# What you will do
Retype the listing exactly, minus its pictures.

*** Supplied material Section Begins ***

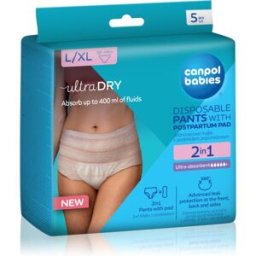 Canpol babies Pants With Postpartum Pad culottes post-accouchement à usage unique 2 en 1 L/XL 5 pcs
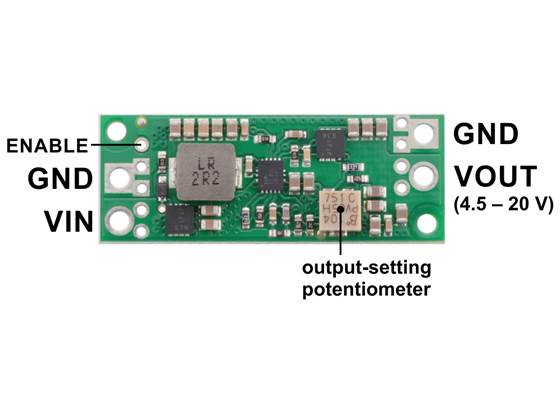 Pinout diagram of the 4.5-20V Fine-Adjust Step-Up Voltage Regulator U3V70A.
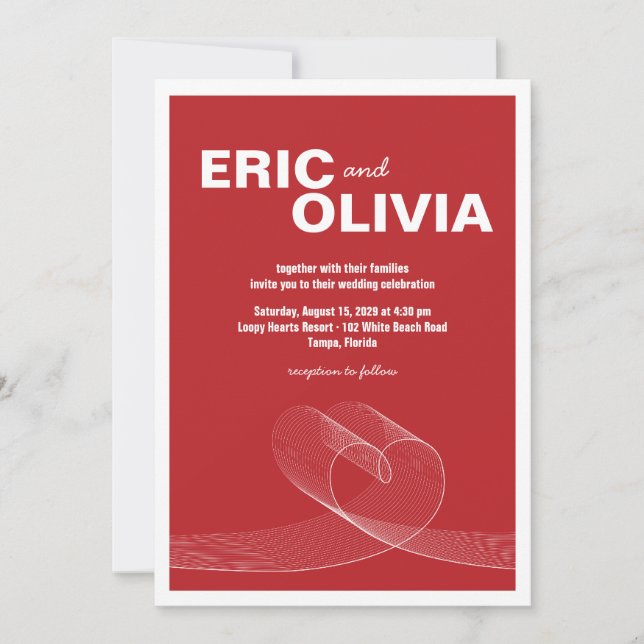 Red Minimalist Loopy Love Lines Wedding Invite (Front)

*** Supplied material Section Ends ***

# Answer section
 Canpol babies Pants With Postpartum Pad culottes post-accouchement à usage unique 2 en 1 L/XL 5 pcs
 Pinout diagram of the 4.5-20V Fine-Adjust Step-Up Voltage Regulator U3V70A.
 Red Minimalist Loopy Love Lines Wedding Invite (Front)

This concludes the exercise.